**Task requirements**
Copy out every line of the material below, character for character, apart from the pictures.

Segment Start: Data below

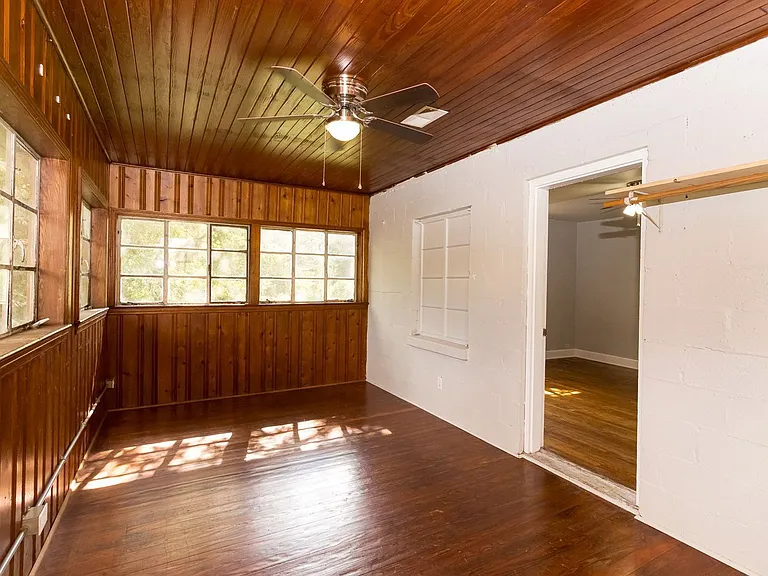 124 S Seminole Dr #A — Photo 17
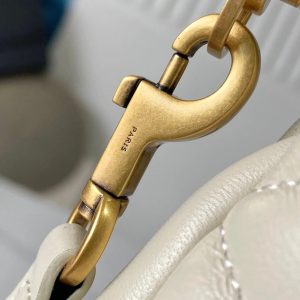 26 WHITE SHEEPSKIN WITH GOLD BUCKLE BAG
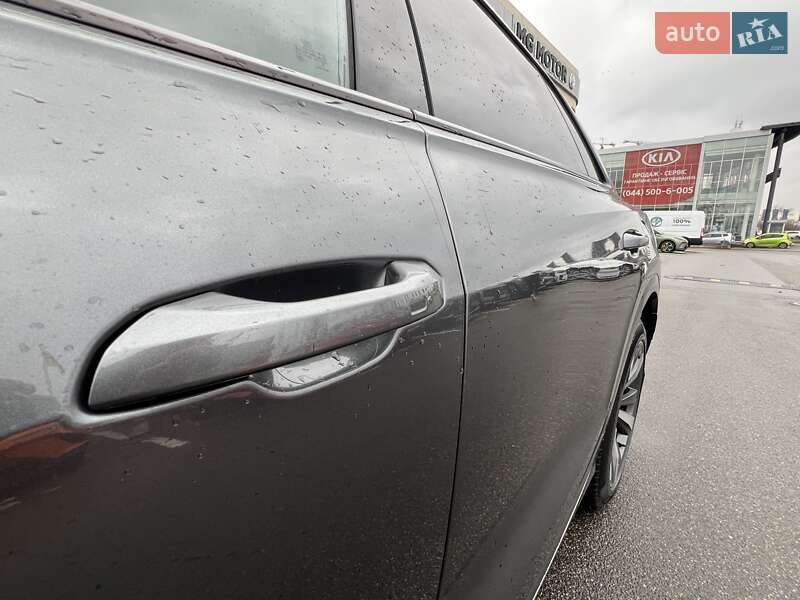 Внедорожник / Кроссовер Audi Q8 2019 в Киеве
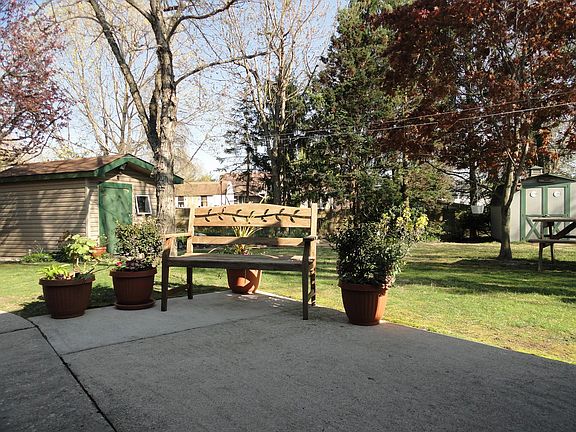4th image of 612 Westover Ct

Segment End: Data below

**Result of this task**
 124 S Seminole Dr #A — Photo 17
 26 WHITE SHEEPSKIN WITH GOLD BUCKLE BAG
 Внедорожник / Кроссовер Audi Q8 2019 в Киеве
4th image of 612 Westover Ct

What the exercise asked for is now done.